Six-Year Plan (1950–1955) was the second - after the Three-Year Plan (1947–1949) - centralized plan of the People's Republic of Poland. It concentrated on increasing the heavy industry sector.

By 1950 the Polish government was dominated by Stalinist hardliners, such as Hilary Minc, and liberal economists responsible for creation of the Three-Year Plan were no longer influencing government policy. The Six-Year Plan, designed to bring the economy of Poland in line with the Soviet economy, concentrated on heavy industrialization, with projects such as Nowa Huta. The plan was accepted by the Sejm on July 21, 1950. Later on, it was modified several times, and never fully completed. 

Polish society paid a heavy price for badly thought-out and quick industrialization. Living standards were reduced, since investments in other fields, such as construction, were cut. In agriculture, the idea of collectivization was promoted, to the protests of Polish farmers.

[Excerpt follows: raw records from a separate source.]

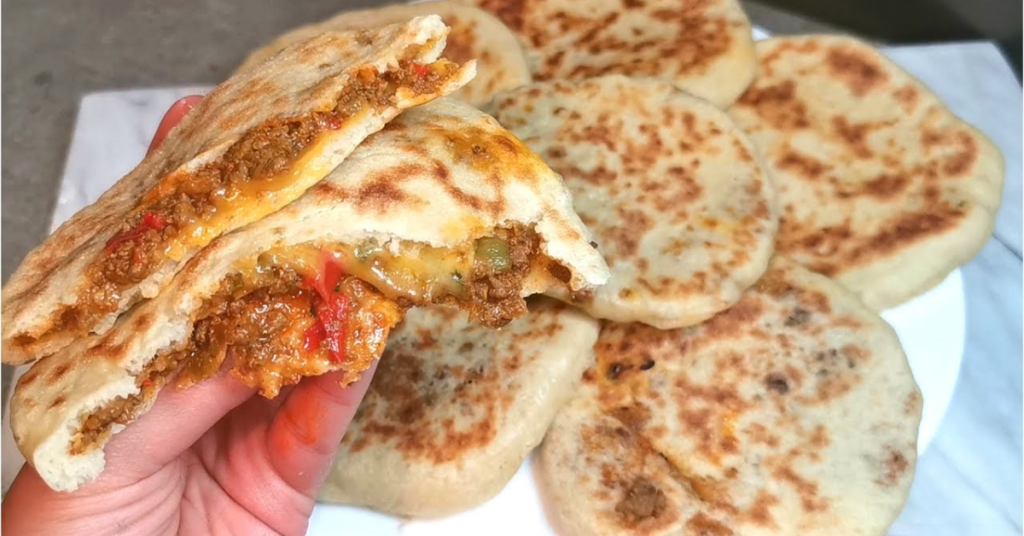 Si quieres preparar un pan diferente para sorprender a tus invitados en esta receta te enseñaremos a preparar pan relleno de carne picada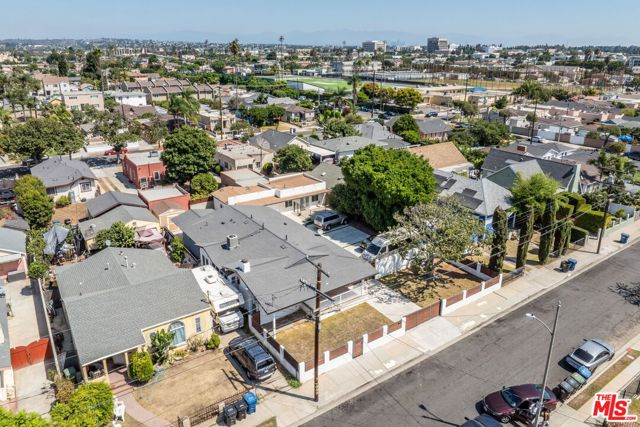 519 W Elm Avenue, Inglewood CA: https://media.crmls.org/mediaz/24452fa4-5021-497d-a4cf-7840a3cfa72f.jpg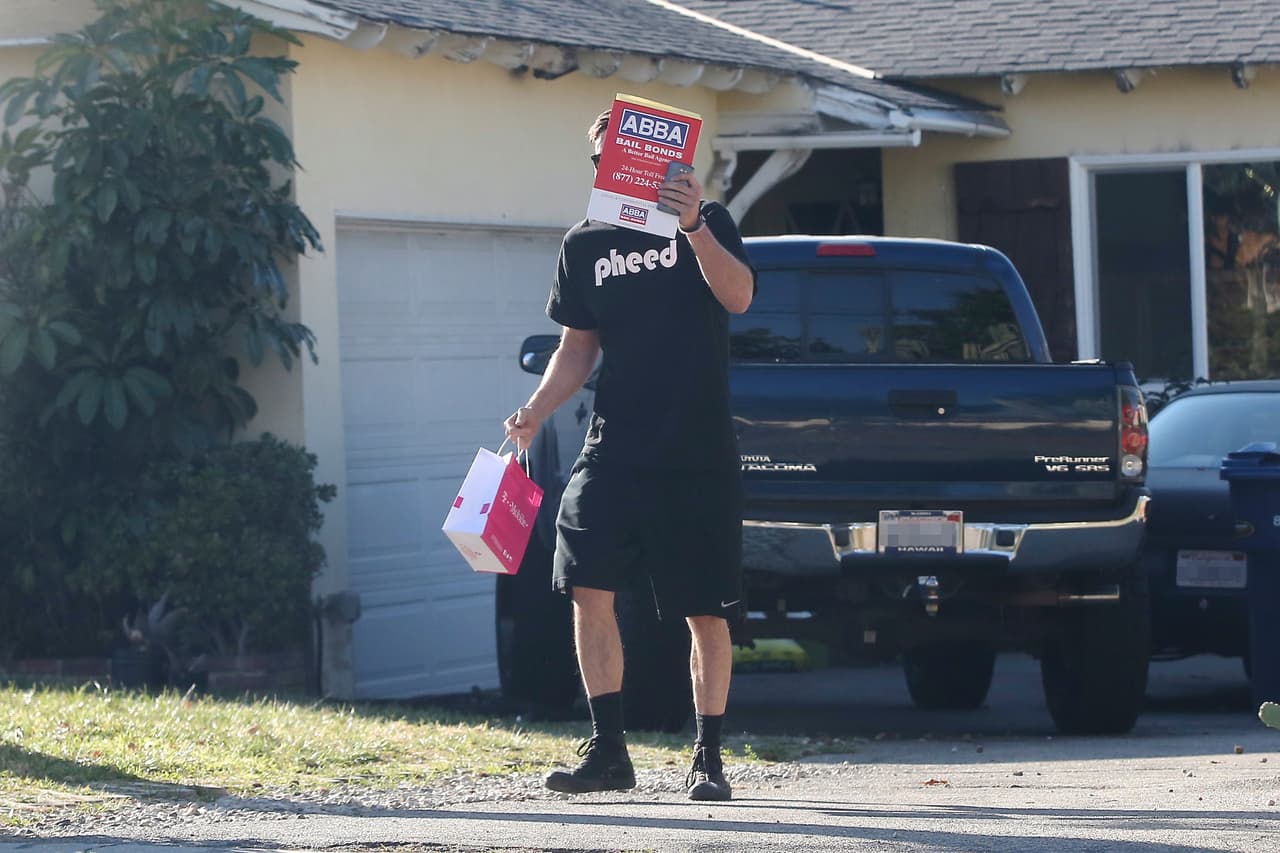 Y se tapó la cara con papeles de una agencia de fianzas.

The plan was fashioned after similar Soviet plans, and was based on certain Soviet-style principles, such as central planning of economy, limiting the so-called Capitalist elements, and close cooperation with other Eastern Bloc nations. New urban districts were built in big cities, attracting residents of overpopulated villages. At the same time, however, the balance between supply and demand deepened, and shortages of basic products were common. As a result, rationing was re-introduced in the early 1950s. 

The only real achievement of the Six-Year Plan was quick development of heavy industry. At the same time, however, other fields of Polish economy, such as services and food industry, remained underdeveloped, as all state funds were directed at construction of shipyards, steel plants, chemical plants and car factories. Among major investments of the plan are:

 Skawina Aluminum Factory,
 development of Oswiecim Chemical Works (formerly Buna Werke),
 development of Zaklady Azotowe Kedzierzyn (formerly IG Farben Heydebreck),
 development of Synthetic Fibres Plant Stilon Gorzow Wielkopolski (formerly IG Farben-Werks Landsberg (Warthe)),
 Shoe Factory at Nowy Targ,
 Lenin Steelworks at Nowa Huta,
 Warsaw Steelworks,
 FSO Warszawa,
 FSC Lublin,
 FSC Star at Starachowice,
 Wierzbica Cement Plant,
 development of Jaworzno Power Station,
 development of Czestochowa Steelworks,
 development of Gdansk Shipyard (formerly Schichau-Werft and Danziger Werft),
 development of Szczecin Shipyard (formerly AG Vulcan Stettin).